Pennylane: creating QNodes for large numbers of circuits that only differ by number of wires

Take the following simple quantum function:

def my_quantum_function(params, wires=None):

for i in range(wires):
random_rot = params[i]
qml.RY(random_rot, wires=i)

return qml.expval(qml.PauliZ(0))

Let's say I want to make QNode objects using this function for wires=2 and wires=3. My understanding is that I can either leave the function as it is and write,

params = [np.random.uniform(0, 2*np.pi) for _ in range(wires)]

dev1 = qml.device("default.qubit", wires=2)
circuit1 = qml.QNode(my_quantum_function, dev1)
result1 = circuit1(params, wires=2)

dev2 = qml.device("default.qubit", wires=3)
circuit2 = qml.QNode(my_quantum_function, dev2)
result2 = circuit2(params, wires=3)

or, I can make two copies of the function and use the QNode decorator:

dev1 = qml.device("default.qubit", wires=2)
dev2 = qml.device("default.qubit", wires=2)

@qml.qnode(dev1)
def circuit1(params):

wires = 2
for i in range(wires):
random_rot = params[i]
qml.RY(random_rot, wires=i)

return qml.expval(qml.PauliZ(0))

@qml.qnode(dev2)
def circuit2(params):

wires = 3
for i in range(wires):
random_rot = params[i]
qml.RY(random_rot, wires=i)

return qml.expval(qml.PauliZ(0))

params = [np.random.uniform(0, 2*np.pi) for _ in range(wires)]
result1 = circuit1(params)
result2 = circuit2(params)

Fair enough.
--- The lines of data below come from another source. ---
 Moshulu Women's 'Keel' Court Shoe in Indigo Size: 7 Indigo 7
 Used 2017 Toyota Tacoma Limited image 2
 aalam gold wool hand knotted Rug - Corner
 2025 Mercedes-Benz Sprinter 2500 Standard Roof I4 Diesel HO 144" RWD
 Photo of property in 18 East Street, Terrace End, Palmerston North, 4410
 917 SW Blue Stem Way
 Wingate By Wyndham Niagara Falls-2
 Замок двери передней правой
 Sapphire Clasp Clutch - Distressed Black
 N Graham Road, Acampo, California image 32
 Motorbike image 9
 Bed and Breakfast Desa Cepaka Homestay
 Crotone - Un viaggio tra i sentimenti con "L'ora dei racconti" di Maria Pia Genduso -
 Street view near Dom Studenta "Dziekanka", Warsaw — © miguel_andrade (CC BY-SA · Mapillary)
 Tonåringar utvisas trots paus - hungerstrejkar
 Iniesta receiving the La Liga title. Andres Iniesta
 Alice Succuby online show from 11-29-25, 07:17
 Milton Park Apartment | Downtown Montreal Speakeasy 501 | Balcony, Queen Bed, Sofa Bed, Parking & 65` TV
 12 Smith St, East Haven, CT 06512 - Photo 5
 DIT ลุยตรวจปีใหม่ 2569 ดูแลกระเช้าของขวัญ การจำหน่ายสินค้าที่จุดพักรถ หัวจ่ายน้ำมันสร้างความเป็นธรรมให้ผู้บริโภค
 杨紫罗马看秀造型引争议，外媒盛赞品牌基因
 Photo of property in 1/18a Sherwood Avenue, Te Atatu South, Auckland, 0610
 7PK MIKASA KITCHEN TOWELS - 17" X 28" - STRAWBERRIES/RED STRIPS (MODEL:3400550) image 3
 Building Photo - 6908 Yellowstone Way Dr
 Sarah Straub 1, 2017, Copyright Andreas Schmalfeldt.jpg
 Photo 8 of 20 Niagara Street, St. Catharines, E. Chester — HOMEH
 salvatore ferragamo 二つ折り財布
But let's say I wanted to create QNode objects using this function for wires=2,3,4,...,20. What is the most idiomatic way to do this? I know QNodes collections is a way to define families of QNodes, but this still requires explicitly defining all $N$ devices you need, which doesn't end up saving any time, as it appears. Right now what I'm doing is using the top function I gave and a for-loop, defining a new device/QNode on each iteration:

n_wires = [i+2 for i in range(19)]
for n in n_wires:
params = [np.random.uniform(0, 2*np.pi) for _ in range(n)]
dev = qml.device("default.qubit", wires=n)
circuit = qml.QNode(my_quantum_function, dev)
result = circuit(thetas, wires=n)
...
# Do some computations
...

Using the QNode decorator is the recommended approach, and QNodes can be set to mutable, but I can't find an example in the documentation where you can adjust the number of wires on the fly. Maybe there isn't a more elegant way to do this, but I thought I would ask. Sorry for the long-winded question.

When considering the exact use case, each of these quantum functions would actually be equivalent to running a quantum circuit of size $$N=2..20$$ on a quantum device that is capable of simulating exactly $$N$$ qubits.